Once the pictures are set aside, output all the records exactly.

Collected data

.....

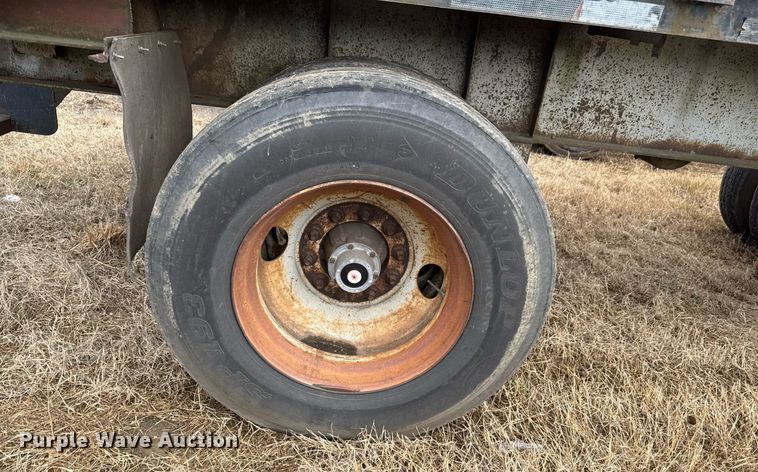 image for item DO0314 1992 Great Dane flatbed trailer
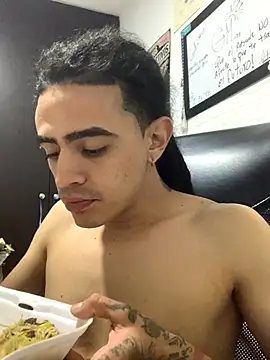 Snapshot of JovenDesobediente chatting on 10/14/25, 04:46 JovenDesobediente online show from 10/14/25, 04:46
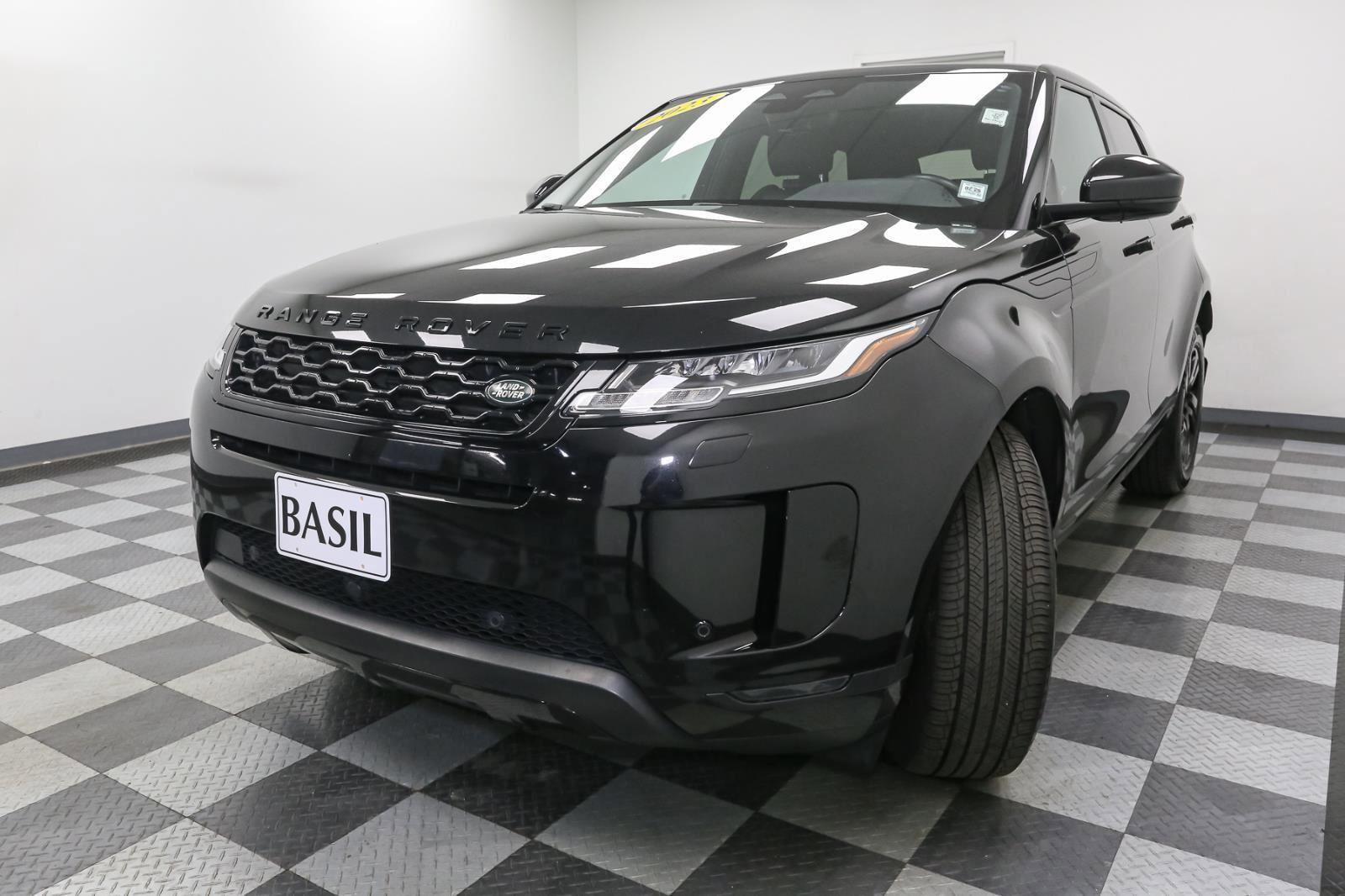 Used 2023 Land Rover Range Rover Evoque S image 4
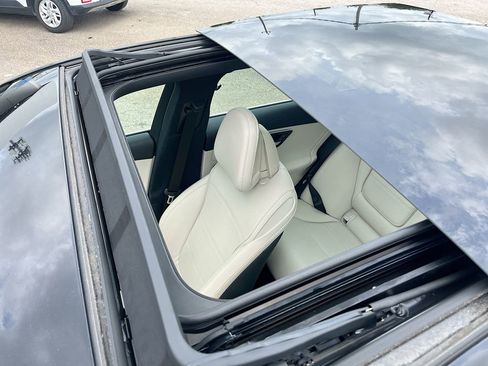 Used 2022 Mercedes-Benz C 300 Sedan image 22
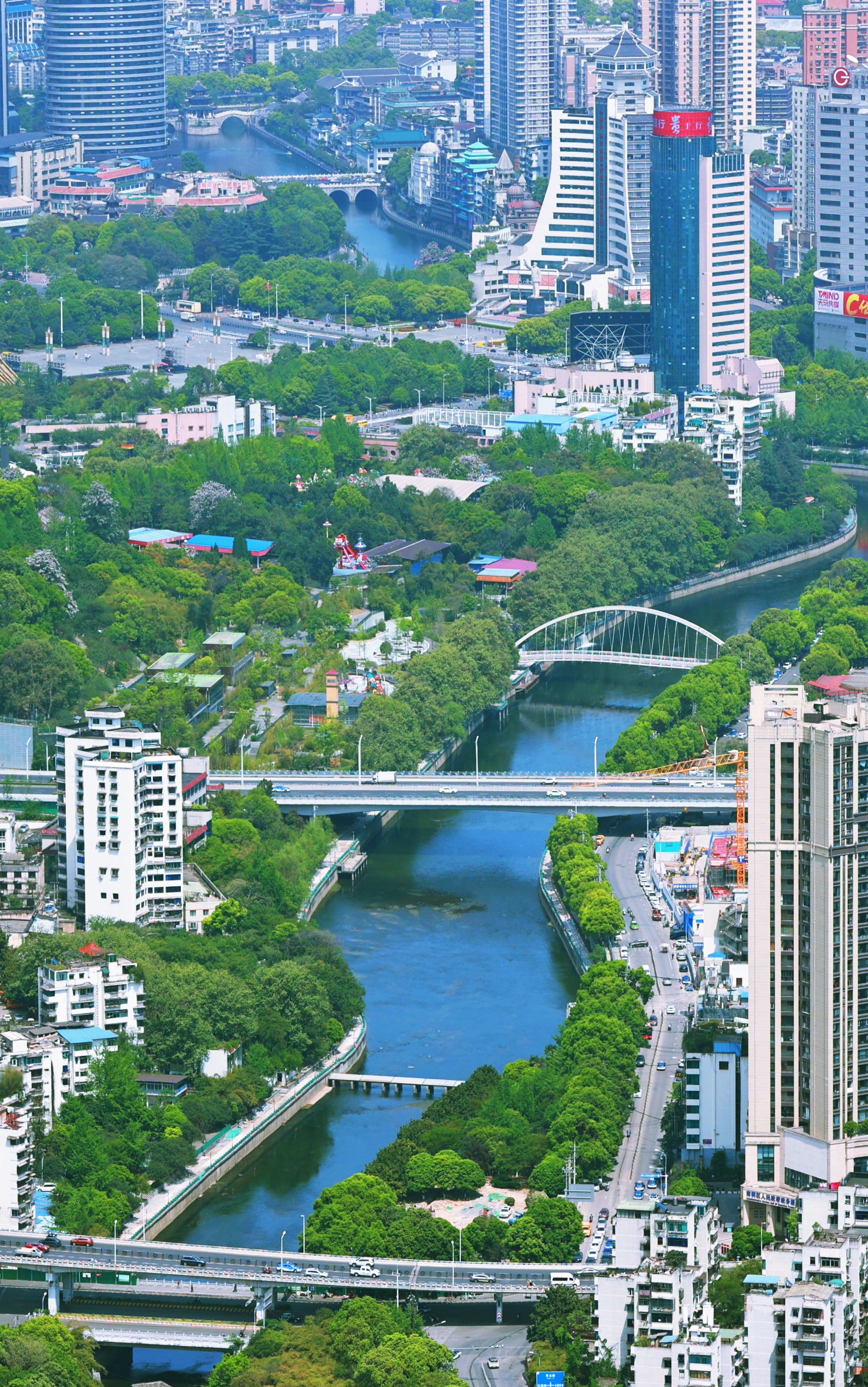 俯瞰贵阳市南明河景象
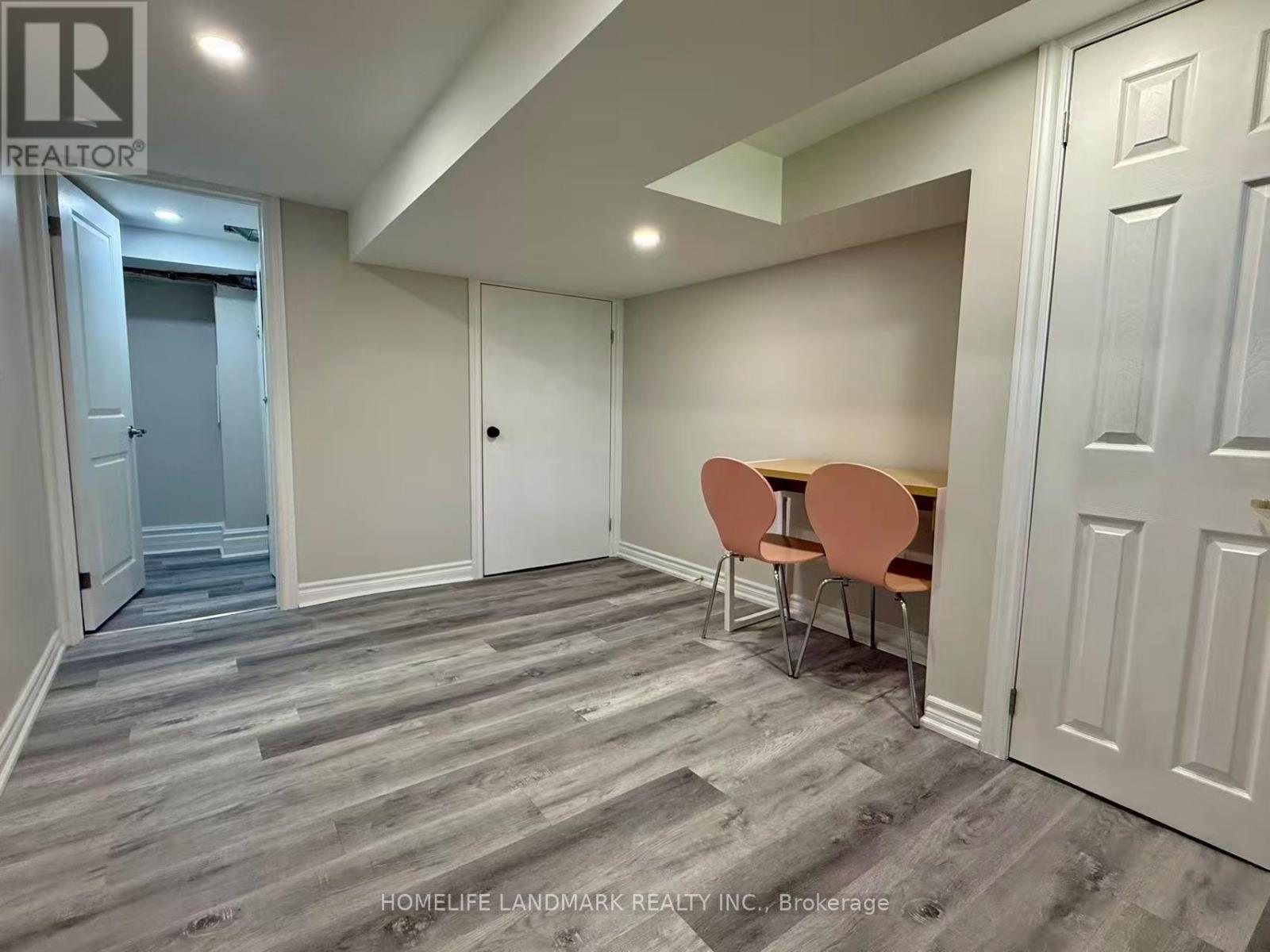 Basement Br#2 - 17 Arkell Street, Hamilton, ON - Indoor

.....

EXERCISE RESULT:
 image for item DO0314 1992 Great Dane flatbed trailer
 Snapshot of JovenDesobediente chatting on 10/14/25, 04:46 JovenDesobediente online show from 10/14/25, 04:46
 Used 2023 Land Rover Range Rover Evoque S image 4
 Used 2022 Mercedes-Benz C 300 Sedan image 22
 俯瞰贵阳市南明河景象
 Basement Br#2 - 17 Arkell Street, Hamilton, ON - Indoor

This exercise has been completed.